Friday, January 16, 2009

Valle - Day 4 All Alone at the Lake

Today is a challenge to report. Not because the adventure was stale or bad things happened but because the author won. – It just seems strange to write about ones own good fortune, but thus was the story of the day.

A combination of factors led to decisions as follows: It rained very, very hard last night. Wet ground = late lift so we texted our driver to push back an hour. – Best guess is that the driver, a very experienced local pilot didn’t get the message so he showed up on schedule at 9:00. The problem was we figured he got the message and would show at 10:00. Well, he waited for us to come out and load up at 9:00, we didn’t and the connection was lost. –
North East winds and heavy skies had already made many wonder if flying would happen at all and conversation shifted toward a ground excursion to the butterflies.
The capper was that the driver “didn’t show at 10:00” so it seemed that the local expert pilot was confirming the decision to go for a big hike and see the touted insects.
Being an extremely slow hiker and a totally addicted pilot I determined that after hiking 2 hrs.
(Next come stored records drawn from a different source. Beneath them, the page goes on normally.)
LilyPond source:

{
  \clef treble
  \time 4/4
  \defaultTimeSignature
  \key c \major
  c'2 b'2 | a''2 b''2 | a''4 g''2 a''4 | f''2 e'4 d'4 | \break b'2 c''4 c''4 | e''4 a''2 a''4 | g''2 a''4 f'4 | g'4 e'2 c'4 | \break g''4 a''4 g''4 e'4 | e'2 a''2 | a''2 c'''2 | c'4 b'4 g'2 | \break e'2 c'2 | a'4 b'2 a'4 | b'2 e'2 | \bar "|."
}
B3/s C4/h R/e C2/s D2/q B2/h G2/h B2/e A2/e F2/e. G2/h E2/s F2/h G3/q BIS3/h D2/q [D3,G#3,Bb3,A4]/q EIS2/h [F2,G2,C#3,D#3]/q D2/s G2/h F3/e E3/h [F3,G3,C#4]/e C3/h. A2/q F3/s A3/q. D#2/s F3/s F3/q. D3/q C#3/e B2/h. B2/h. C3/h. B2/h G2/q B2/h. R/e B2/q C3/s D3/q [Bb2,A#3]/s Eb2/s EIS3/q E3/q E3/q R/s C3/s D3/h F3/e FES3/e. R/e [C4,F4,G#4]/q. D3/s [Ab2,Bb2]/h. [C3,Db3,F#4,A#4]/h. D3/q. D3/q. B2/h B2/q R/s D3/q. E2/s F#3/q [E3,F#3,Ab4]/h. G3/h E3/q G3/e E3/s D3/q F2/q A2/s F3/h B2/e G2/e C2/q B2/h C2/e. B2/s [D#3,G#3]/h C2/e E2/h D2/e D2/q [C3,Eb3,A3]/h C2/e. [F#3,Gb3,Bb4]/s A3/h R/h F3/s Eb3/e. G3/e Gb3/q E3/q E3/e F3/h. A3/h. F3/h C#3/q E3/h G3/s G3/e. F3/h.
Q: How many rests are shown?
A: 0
I would meet the crew on their way down from the butterflies and there was no logic in me going on the vaunted hike.
I returned with intentions of grabbing my kit and heading out solo but on thinking about the effort to go alone I decided to explore the city.
Just as I left our compound I saw Doug coming from the cab stand with the report that he had tossed the hike and had a connection to launch so the day was on for an attempt at flight with my renowned instructor.
On launch we found no one flying and many unsure if the day would work at all but the worried winds were wondrously wistful. Flow started and the wind dummies began to soar.
I took a number of launch videos of Rob’s crew and slowly readied for launch. Cycles were just fine and the lift off launch was smooth and solid. – One continuous climb put me near 9,000 feet over launch as Doug called for OTB (over the back) on topping the climb.
I was 150 under him and figured an extra turn in feathery lift would be good and as I came around I got an even stronger (beep beep) while I watching Doug head out and DOWN!. – The line he took just slammed him and I continued to climb. After 3 more turns Doug was coming back to climb again and I was topping out at just over 10K.
Having watched his line succumb to dreaded sink I took a line more to the left and down a ridge.
The decision to wait and climb, watch and adjust, work with amazing benefits. My glide to Sacramatati was full of 00’s and -100, I got to West point of the hill with 8K or better. The hill looked good so I went right but that was sink so I back tracked to the West, up hill and closer to the ground but was rewarded with wonderful rising air that took me to the convergence.
Once in the clouds it was sweet. I set course for the north and rode the line out of the clouds. After going back for a second pass, and out again it seemed the lake was even closer. I called to Doug that I had lake on glide and tucked it in for some video work on final glide.
I was 1500 or better over the lake and threw down as best I could with a cranked spiral and a couple of marginal wingover before landing a cool line over the city. One of the hidden sweetness’s of the day was that the butterfly crew witnessed my approach on their way back into town and came with high fives to the lake LZ. I was one of 8 to make it to the LZ today and the only one without a pod.
The moral of the day was “Only those on launch get a chance to fly!”
New use for Stuff Sack / Rain Coat

Out For Dinner
P.S. The day ended with dancing down stairs -
- This morning is a mixed bag - Great Skys, Great Food but the bummer that most of the crew is driving to Mexico City this evening. - Tim, CJ, Roger, Darline & Derek thank you all for a great time. Till we fly together again. The Aerial Crew is alwasy great but this selection was particularly special.